PROMPT >>
In the entries that follow, the lines from the one with "KK直線模組滑臺專業替代HIWIN上銀KK" through the one with "老师别闹韩漫全集-第6话 危险任务？无删减无遮挡章节图片" are the ones to write out, exactly and with both ends included. Nothing else should appear.

EXERCISE DATA >>
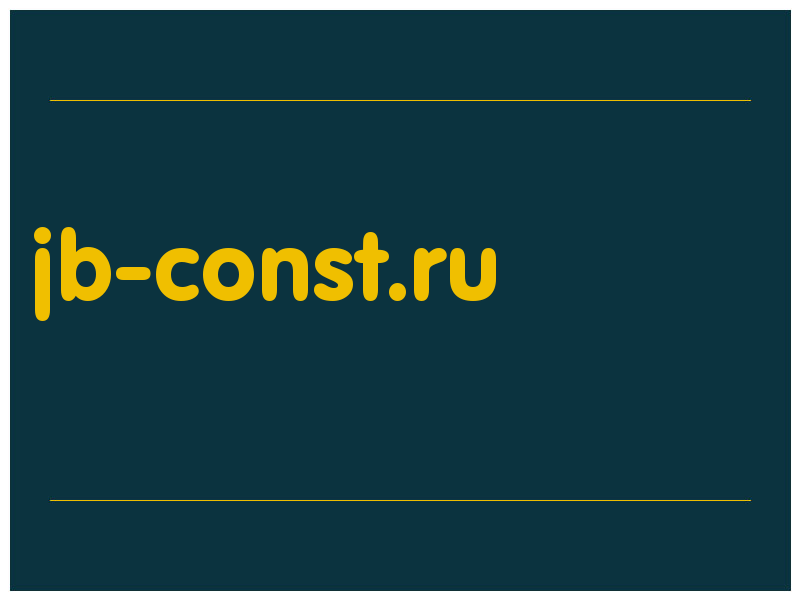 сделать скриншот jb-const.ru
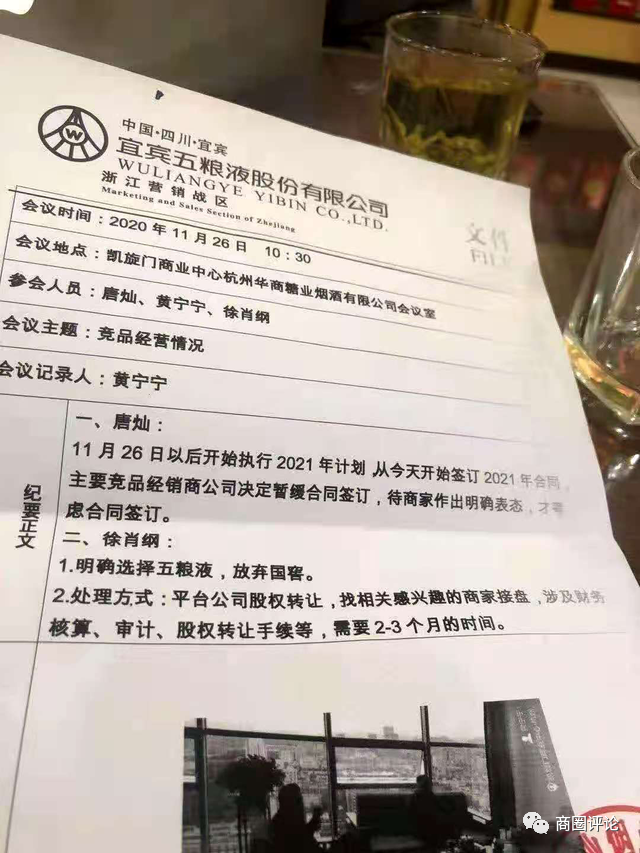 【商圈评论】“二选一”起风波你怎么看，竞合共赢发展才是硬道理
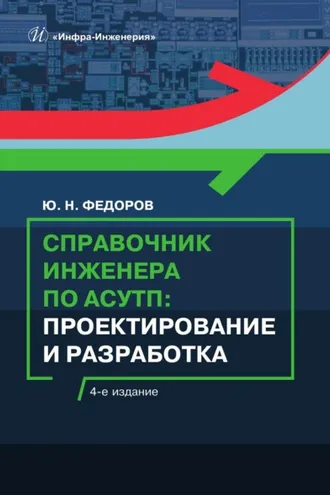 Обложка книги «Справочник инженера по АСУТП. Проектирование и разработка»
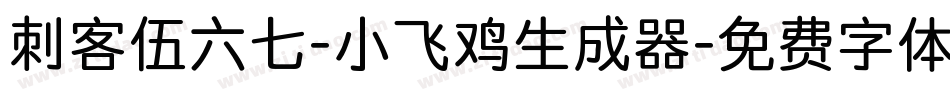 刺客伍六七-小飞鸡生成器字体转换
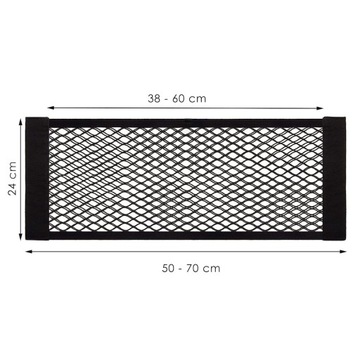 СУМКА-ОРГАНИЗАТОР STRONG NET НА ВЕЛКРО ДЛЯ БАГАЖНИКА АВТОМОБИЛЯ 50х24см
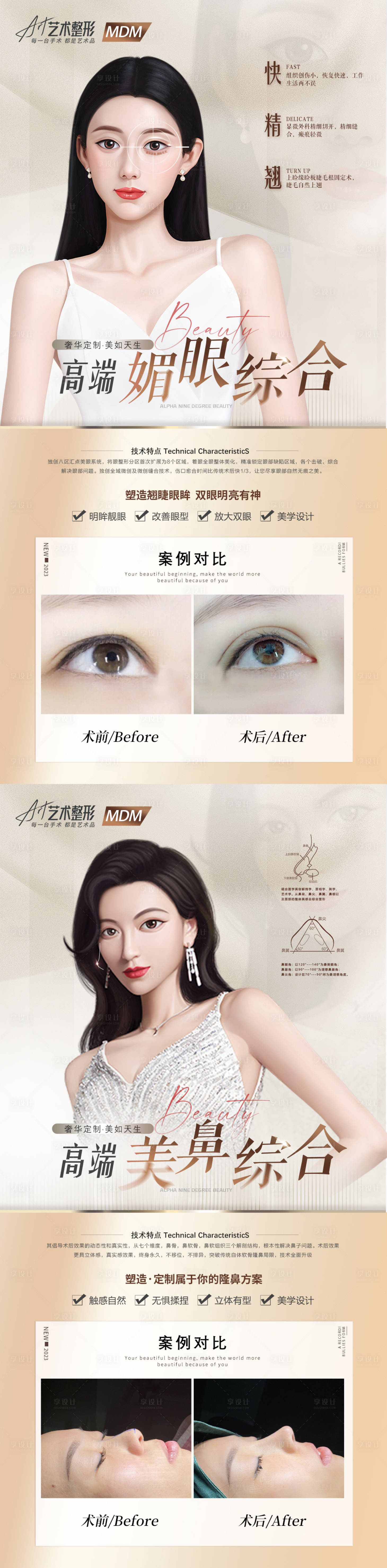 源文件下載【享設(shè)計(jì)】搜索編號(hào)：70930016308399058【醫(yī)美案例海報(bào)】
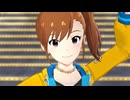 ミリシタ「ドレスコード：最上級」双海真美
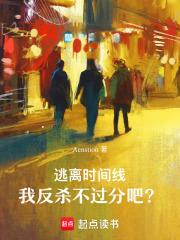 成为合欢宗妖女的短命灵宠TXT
* * *
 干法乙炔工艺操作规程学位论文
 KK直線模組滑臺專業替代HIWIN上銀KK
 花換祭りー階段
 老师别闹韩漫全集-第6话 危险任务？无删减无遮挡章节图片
--
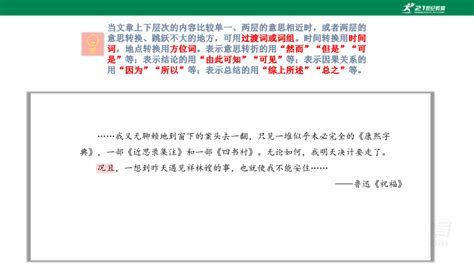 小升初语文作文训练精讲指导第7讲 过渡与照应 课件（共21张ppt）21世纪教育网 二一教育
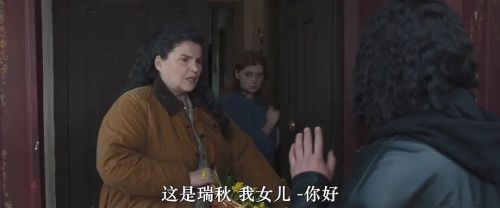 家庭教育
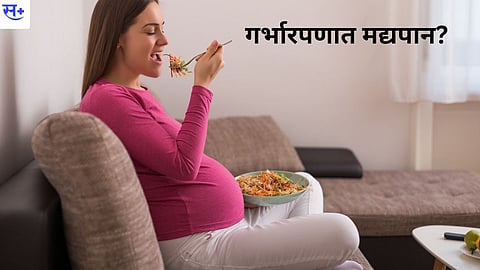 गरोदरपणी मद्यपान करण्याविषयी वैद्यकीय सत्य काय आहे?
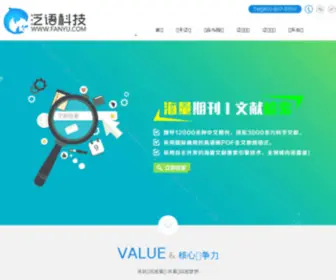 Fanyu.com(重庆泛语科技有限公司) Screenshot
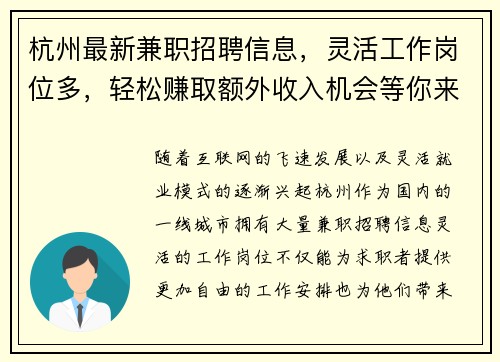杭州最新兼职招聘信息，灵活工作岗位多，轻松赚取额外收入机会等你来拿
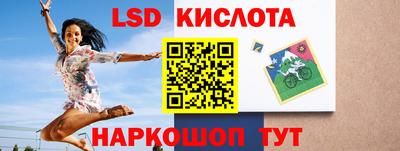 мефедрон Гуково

RESULT FOR THIS TASK >>
 KK直線模組滑臺專業替代HIWIN上銀KK
 花換祭りー階段
 老师别闹韩漫全集-第6话 危险任务？无删减无遮挡章节图片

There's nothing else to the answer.